メガソーラー導入、事前に学内でハートウェア
さらに「ハードウェア」にあたる施策も進めている。
最たる取り組みが、2014年にキャンパス近郊の野田市に設置したメガソーラー発電所(2.45MW)だ。約7億円を投じ、東京ドーム1個分にあたる広さの敷地に約1万枚の太陽光パネルを敷きつめた。
メガソーラー野田発電所(出典:千葉商科大学サイトより)
ただメガソーラーのように大きな取り組みに踏み切る前には、学内のハートウェアづくりがあったと、原科氏は分析する。

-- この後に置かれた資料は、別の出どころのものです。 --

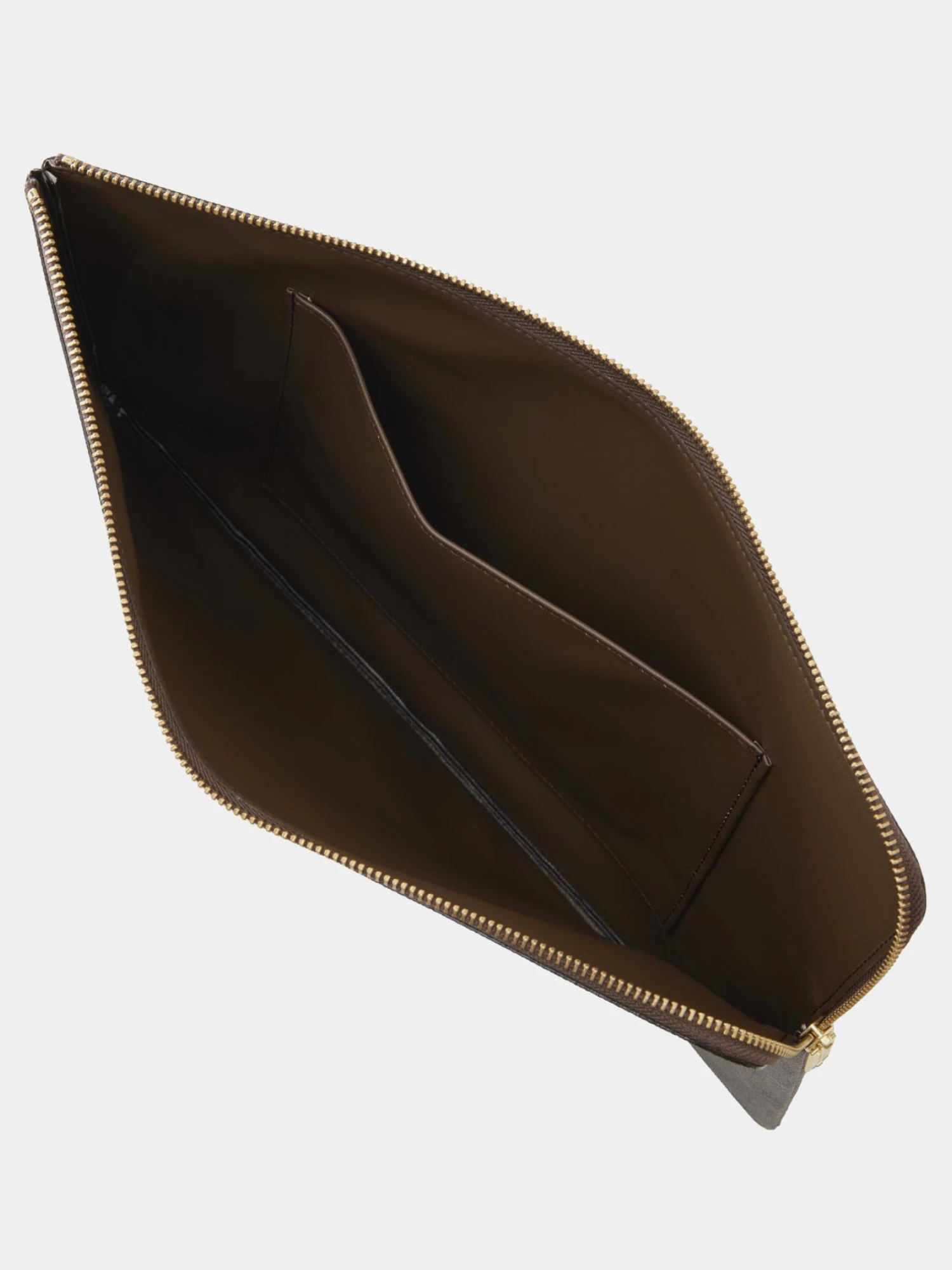 Чехол для ноутбука UNDERCOVER All-Over Pattern Pouch Brown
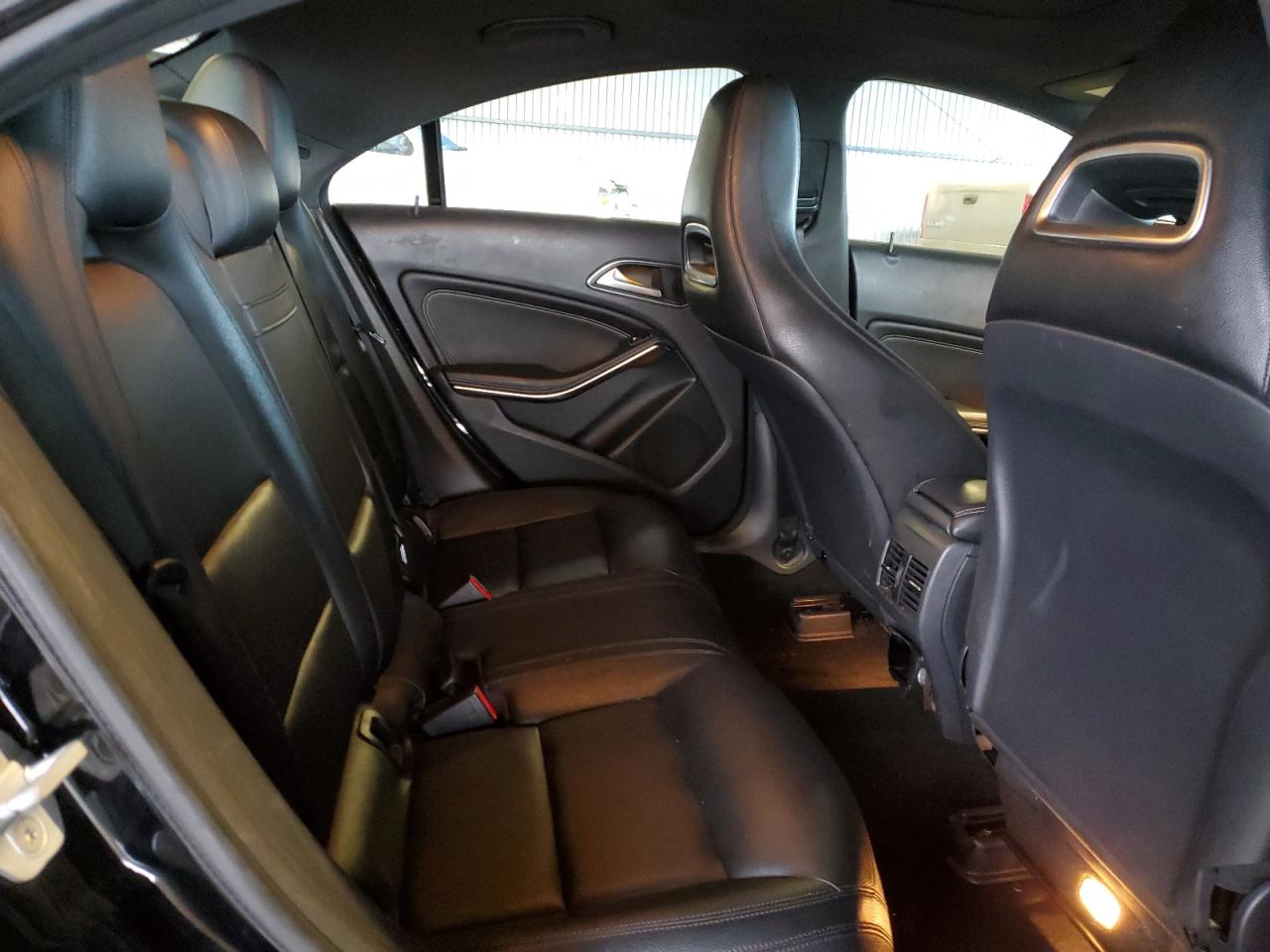 2015 Mercedes-Benz Cla 250 VIN: WDDSJ4EB9FN193466 Lot: 81853735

「メガソーラーの10年ほど前に、政策情報学部の三橋規宏教授(当時)が支援して、学生主導によるISO14001の認証取得がありました。その後の活動の中で、CO2削減を目指し、まずキャンパス内建物の屋上に太陽光パネルを置くことから始めました。1990年比10%削減を目指し、計画どおり2010年に目標を達成しました。こういう実践が重要です。そういうことをやるとハートウェアづくりにつながります。つまりこれは大きな価値があるのだと経営陣に浸透していったのだと思います。環境配慮のカルチャーが浸透した結果、メガソーラー導入のような思い切った投資判断ができたのだと私は見ています」(原科氏)。
メガソーラーによる初年度、2014年の発電量は336万kWh。当初の予想を大きく上回る数値だった。外部の専門機関と共に調べたところ、市川キャンパスで消費された電力の77%にあたる水準だったことが分かった。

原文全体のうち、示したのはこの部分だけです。